Arianism is a heresy.  It (very much alive among the Jehovah’s Witnesses) that the Second Person of the Trinity is a created being.  The name of the heresy comes from Arius of Alexandria (died in 336), a priest whom Patriarch St. Alexander (I) of Alexandria (in office from 313 to 328) excommunicated in 321.

Meletius of Lycopolis, bishop of that city in Upper Egypt, became a schismatic leader.  In 306, after the death of Emperor Diocletian, Patriarch St. Peter I of Alexandria (in office 300-311; feast day = November 26) established guidelines for readmitting lapsed church members who had renounced their faith during the Diocletian persecution.  Meletius, objecting strenuously, made so much trouble that St. Peter I excommunicated him.  Renewed persecution led to the martyrdom of the Patriarch in 311 and the sentencing of Meletius to mines.  After Meletius returned to Egypt he founded a rigorous sect in opposition to the allegedly lax ways of St. Alexander (I) of Alexandria.  The Council of Nicaea (325) forbade Meletius to ordain and restricted him to Lycopolis.

St. Alexander (I), mentor to St. Athanasius (I), was an important member in the development of Trinitarian theology.  St. Alexander (I) and his protégé helped to lay the foundations of the Nicene Creed (technically the Nicene-Constantinopolitan Creed), finalized at the Council of Constantinople (381).

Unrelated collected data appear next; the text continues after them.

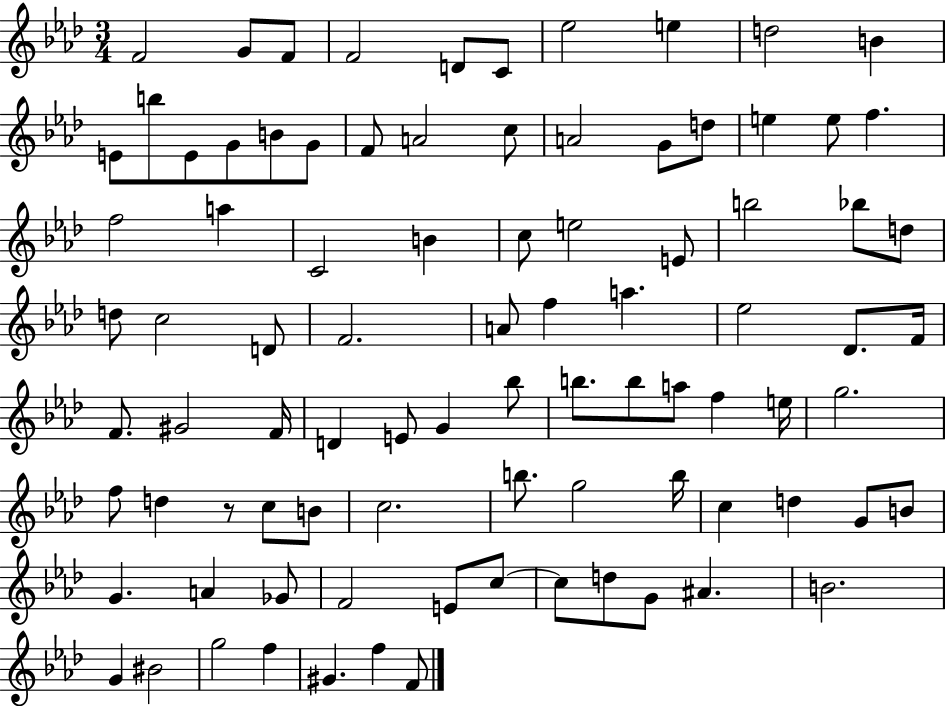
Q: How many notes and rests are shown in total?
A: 89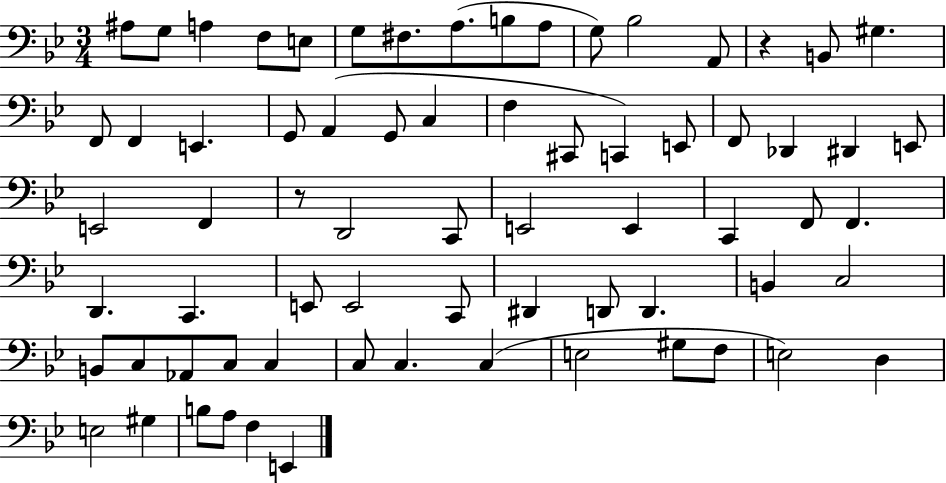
X:1
T:Untitled
M:3/4
L:1/4
K:Bb
^A,/2 G,/2 A, F,/2 E,/2 G,/2 ^F,/2 A,/2 B,/2 A,/2 G,/2 _B,2 A,,/2 z B,,/2 ^G, F,,/2 F,, E,, G,,/2 A,, G,,/2 C, F, ^C,,/2 C,, E,,/2 F,,/2 _D,, ^D,, E,,/2 E,,2 F,, z/2 D,,2 C,,/2 E,,2 E,, C,, F,,/2 F,, D,, C,, E,,/2 E,,2 C,,/2 ^D,, D,,/2 D,, B,, C,2 B,,/2 C,/2 _A,,/2 C,/2 C, C,/2 C, C, E,2 ^G,/2 F,/2 E,2 D, E,2 ^G, B,/2 A,/2 F, E,,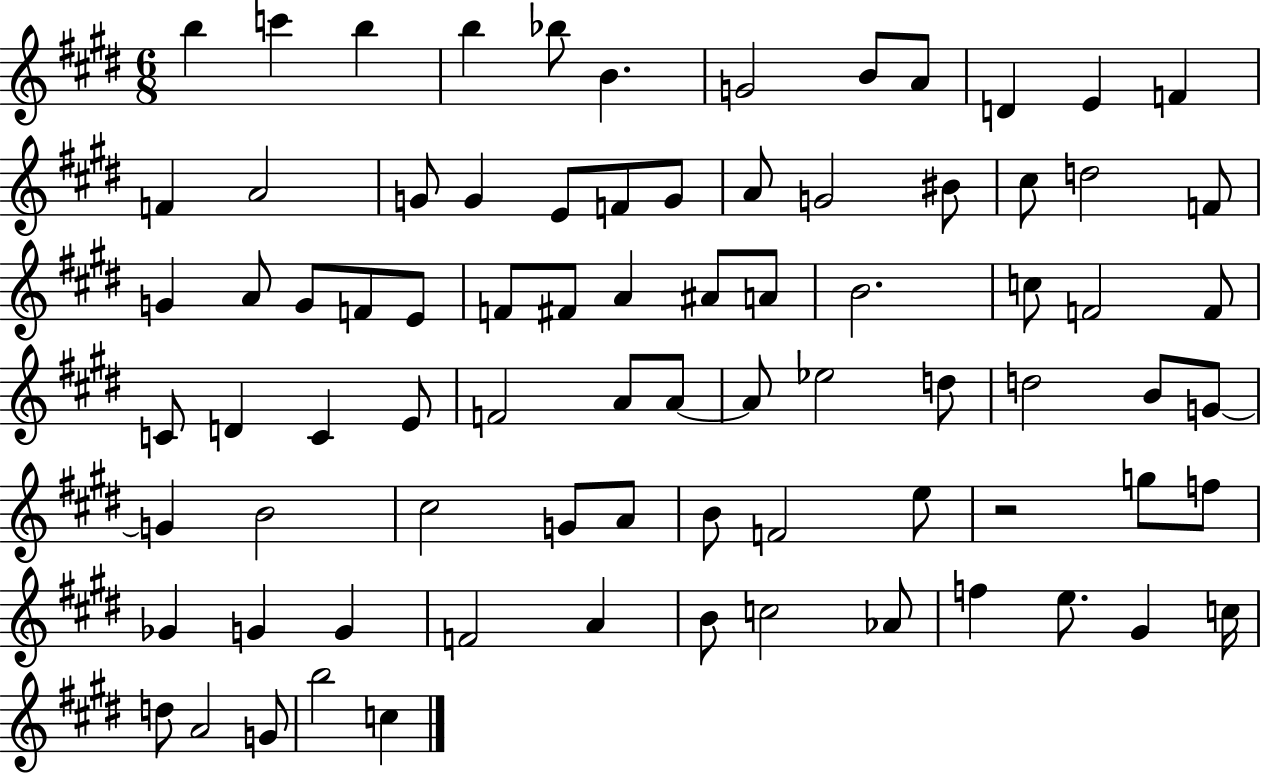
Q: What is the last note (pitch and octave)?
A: C5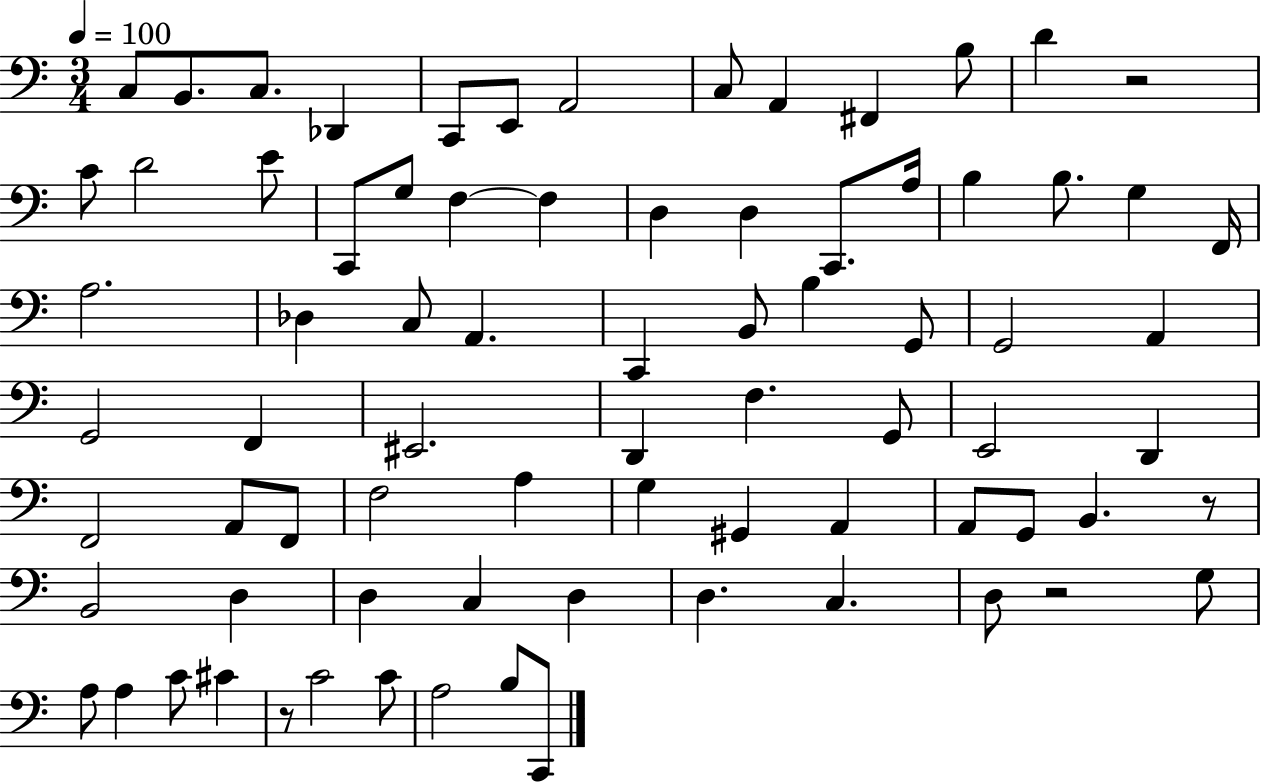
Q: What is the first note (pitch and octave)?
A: C3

St. Athanasius, born at Alexandria, Egypt, in 295/298, outshone his great mentor.  St. Alexander also opposed the Arian heresy vigorously and contributed to the Nicene-Constantinopolitan Creed, but St. Athanasius became known as the “Father of Orthodoxy.”  He studied at the catechetical school at Alexandria.  St. Athanasius, a deacon in 318 and a priest the following year, composed theological treatises as early as his twenties.  In the 320s he served as the private secretary to St. Alexander.  In that capacity St. Athanasius attended the Council of Nicaea (325) and played a prominent role in making the creed nearly unanimous.  It seemed natural, then, that, upon the death of St. Alexander in 328, St. Athanasius succeeded him while in his early thirties.

Meletius disagreed.  In 328 he became a schismatic leader again.  His movement survived until the 700s.

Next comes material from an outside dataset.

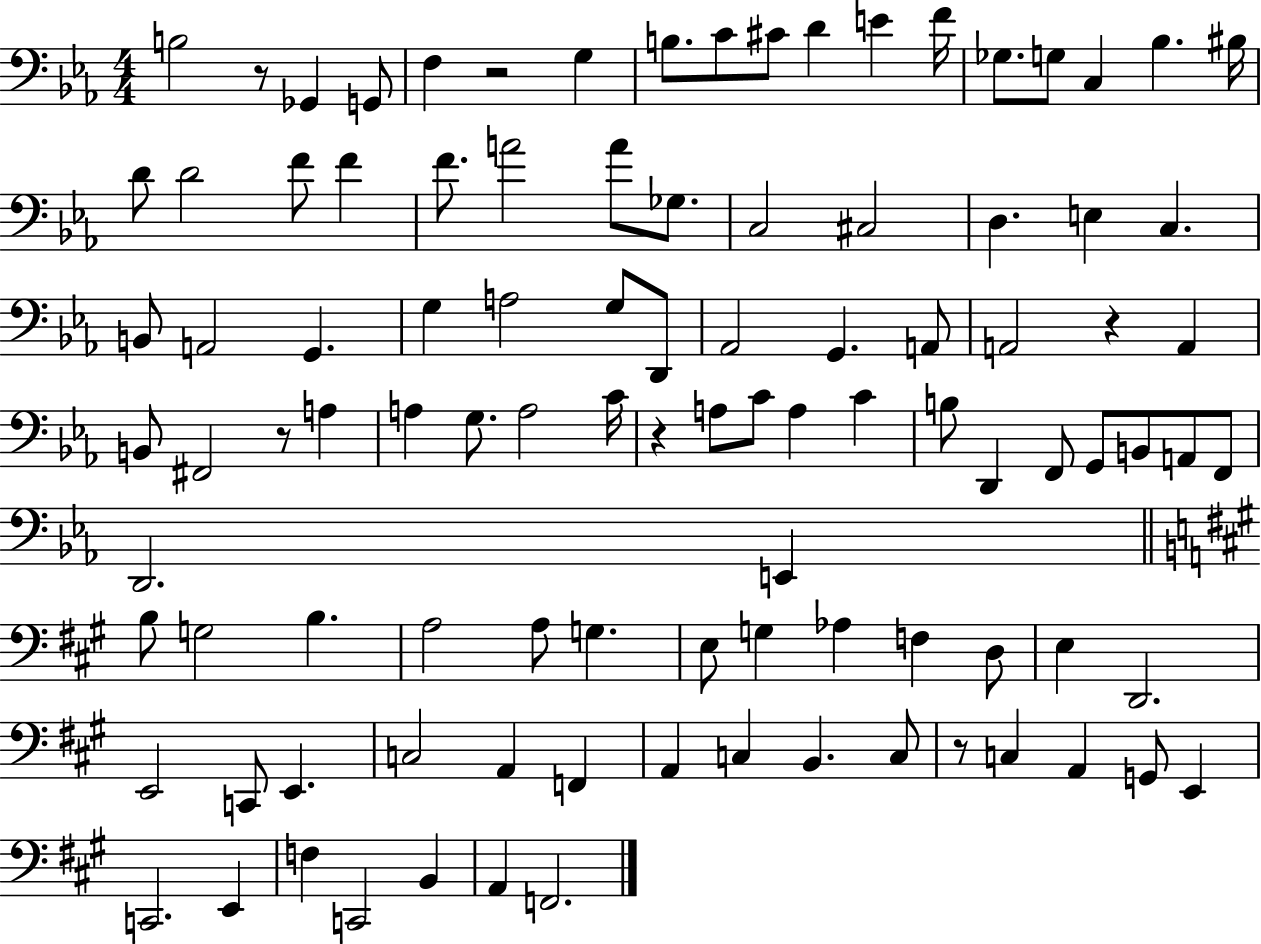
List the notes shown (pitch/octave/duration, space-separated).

Arius and some of his followers also disagreed.  Political machinations led to our saint’s first exile, to Treves, in Germany, from 335 to 337, at the end of the reign of Emperor Constantine I (reigned 306-337).  The offense of St. Athanasius, according to the Emperor, had been to disobey imperial orders to reconcile with Arians.  That which was political convenience for Constantine I was an intolerable compromise for St. Athanasius.

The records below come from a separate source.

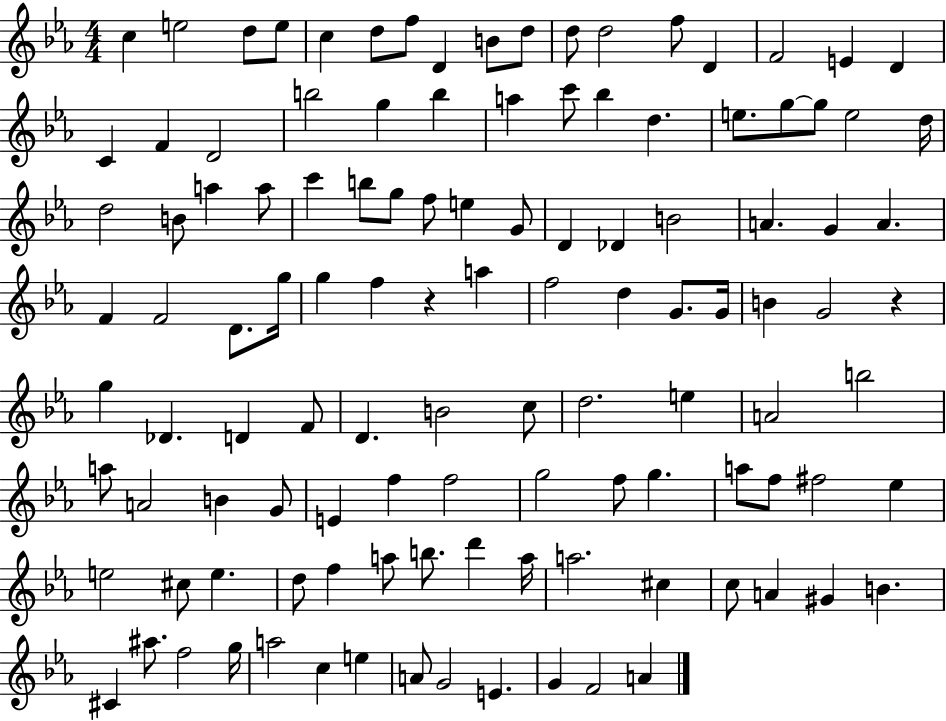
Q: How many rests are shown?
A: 2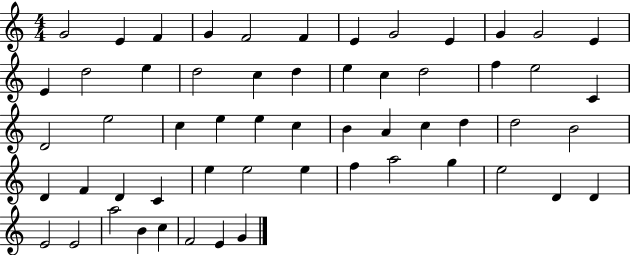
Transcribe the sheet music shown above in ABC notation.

X:1
T:Untitled
M:4/4
L:1/4
K:C
G2 E F G F2 F E G2 E G G2 E E d2 e d2 c d e c d2 f e2 C D2 e2 c e e c B A c d d2 B2 D F D C e e2 e f a2 g e2 D D E2 E2 a2 B c F2 E G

Four more exiles ensued.  Our saint was back in Alexandria from 337 to 339.  Then he had to leave again.  St. Athanasius avoided arrest and escaped the city in 339.  While the usurper Gregory of Cappadocia occupied the Patriarch’s position, St. Athanasius fled for Rome, where Pope Julius I supported him.  Our saint returned to Alexandria in 346, after the violent death of Gregory.  St. Athanasius was back on the job of building up his diocese and its dependent dioceses, of encouraging monasticism, and opposing heresies for about a decade before his third exile began.  Emperor Constantius II (reigned 337-361) arranged for the deposition of our saint, who spent 356-361 away from Alexandria.  After the death of Constantius II the reign of Julian the Apostate began.  Julian allowed orthodox bishops to return from exile.  However, he also presided over another phase of persecution, hence the fourth exile of St. Athanasius in 362-363.  Imperial politics also led to our saint’s fifth exile, from October 365 to February 366.  St. Athanasius lived in Alexandria for the rest of his life, dying on May 2, 373.  His handpicked successor was St. Peter II (in office 373-381; feast day = February 27), who also opposed Arianism vigorously.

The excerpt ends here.